Rapor, İranlı kurumların sadece düşmanlarını değil, aynı zamanda dostlarını da taklit ettiğini belirtiyor. İran'ın son operasyonları, İsrail ordusunu tehdit eden sahte mesajlar yayınlamak için Hamas'ın askeri kanadı olan Kassam Tugayı'nın adını ve logosunu kullandı. Ancak, İran'ın bunun için Hamas'tan onay alıp almadığı bilinmiyor.
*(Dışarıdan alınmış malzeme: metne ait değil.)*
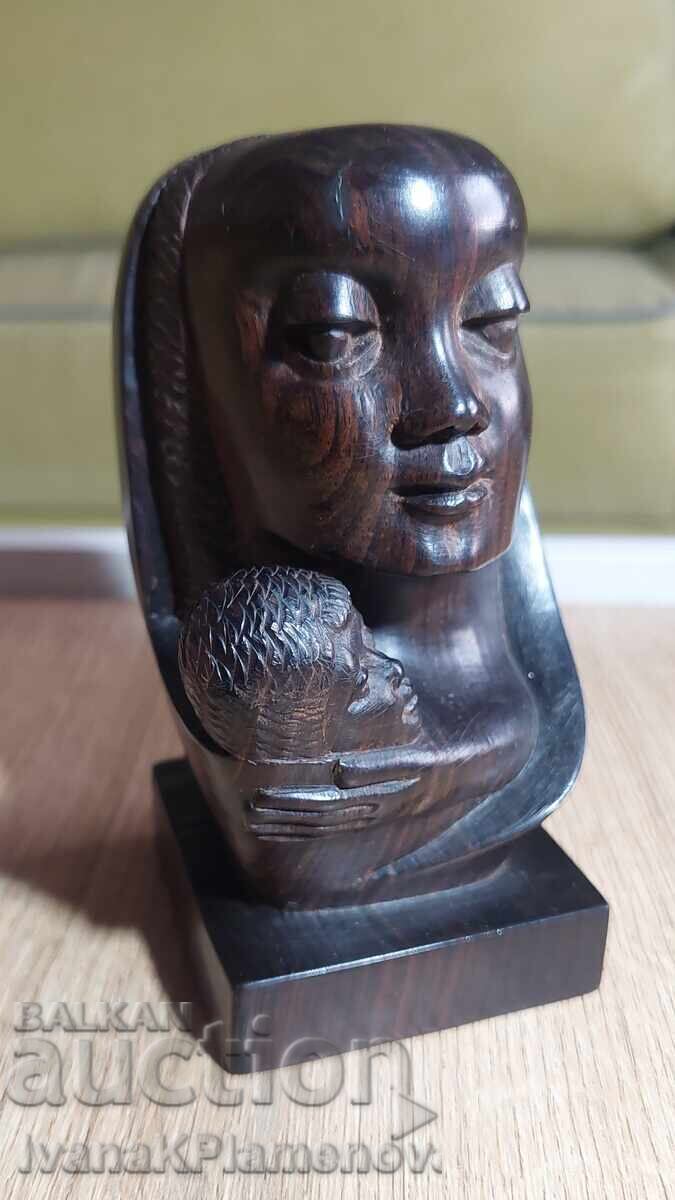 Sculptură în lemn de abanos pentru cunoscători Sculptură în lemn de abanos pentru cunoscători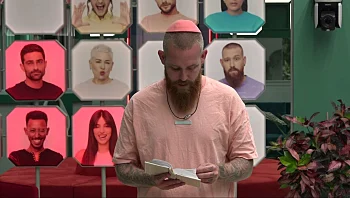 טיימליין האח הגדול- היום ה-25: ארוחת שישי בצל רשימת ההדחה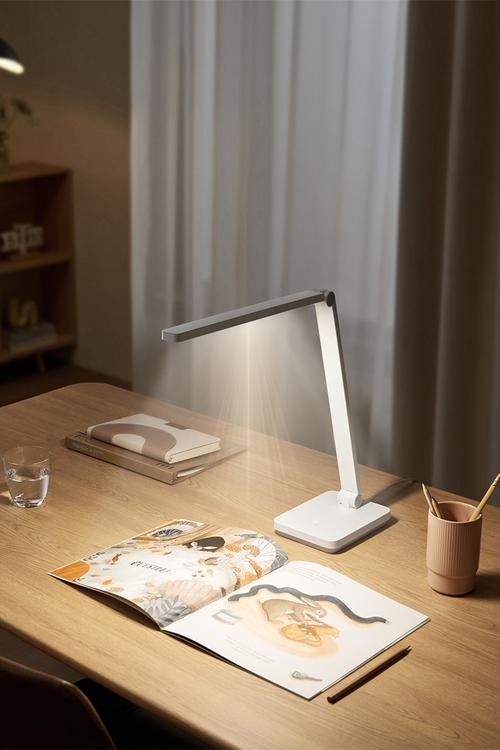 Desk Lamp Lite – Adjustable Led Light - White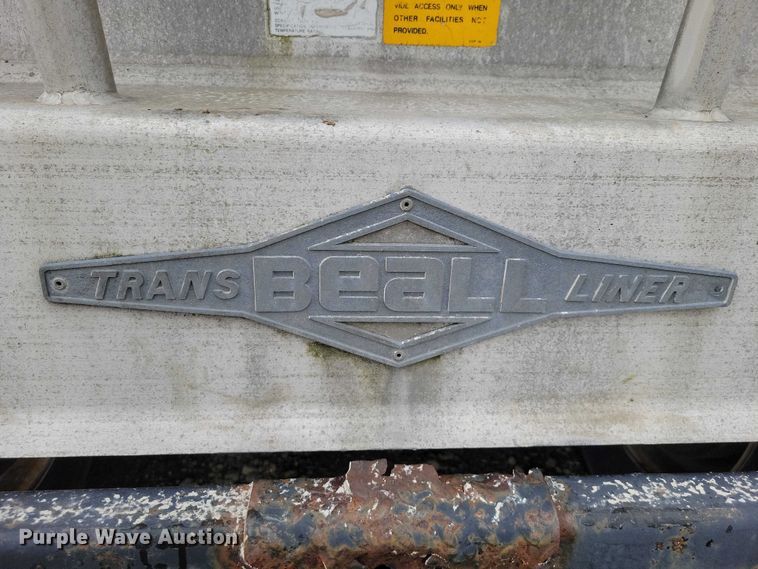 image for item EE0906 1989 Beall BAST-92-4 tank trailer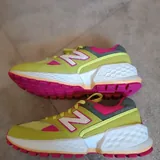 Женские кроссовки New Balance 6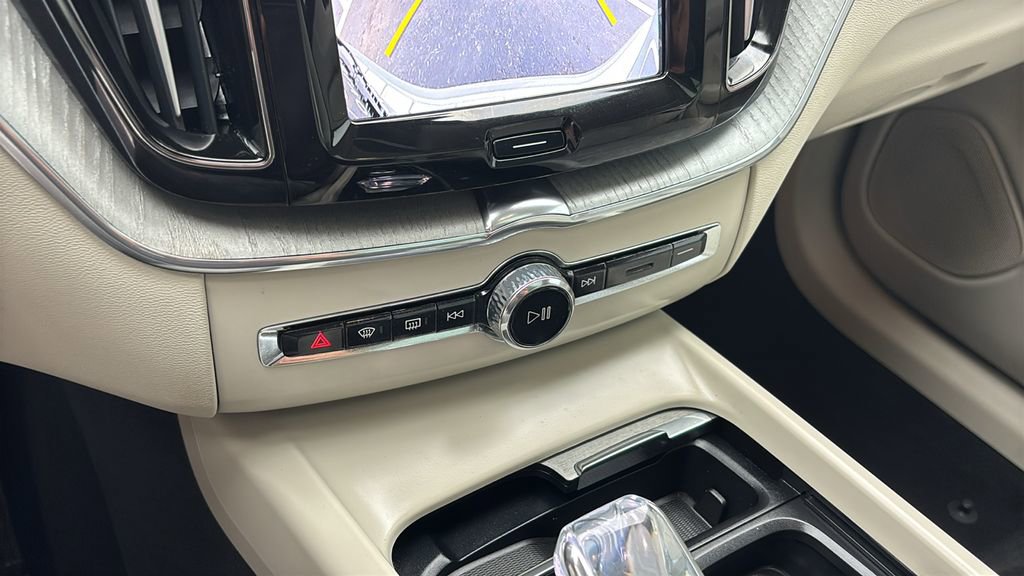 Certified 2025 Volvo XC60 B5 Ultra w/ Protection Package Premier image 21
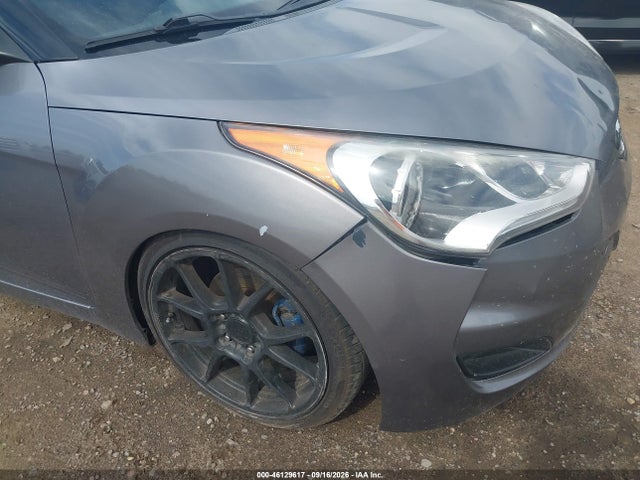 KMHTC6AD0GU268733 Hyundai Veloster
İran, İsraillileri faaliyetlerine katılmaya çekmeyi başardı. ‘Savaşın Gözyaşları’ adlı son bir operasyonda, İranlı ajanlar İsraillileri, İsrail basınında yer alan haberlere dayanarak İsrail mahallelerinde yapay zeka ürünü görseller kullandı. ‘Savaşın Gözyaşları’ sloganlı pankartlar asmaya ve Binyamin Netanyahu'nun görevden alınmasını teşvik etmeye ikna etti.

E-posta kampanyaları

İran'ın, psikolojik etkileri artırmak için kitle mesajlaşma ve e-posta kampanyalarını artan bir şekilde kullandığı belirlendi. İnsanların telefonlarına veya gelen kutularına gelen mesajların, sosyal medyadaki sahte hesaplardan daha büyük bir etkiye sahip olduğu ortaya çıktı. Rapora göre İran, İran Devrim Muhafızları'na bağlı hem açık hem de gizli medya organlarını, siber operasyonların etkilerini büyütmek için kullanıyor. Eylül ayında, İranlı bir hacker grubu, İsrail demiryolu sistemine karşı elektronik saldırılar düzenlediğini iddia etti. İran Devrim Muhafızları'nın medyası da söz konusu iddiaları köpürterek yayılmasını sağladı.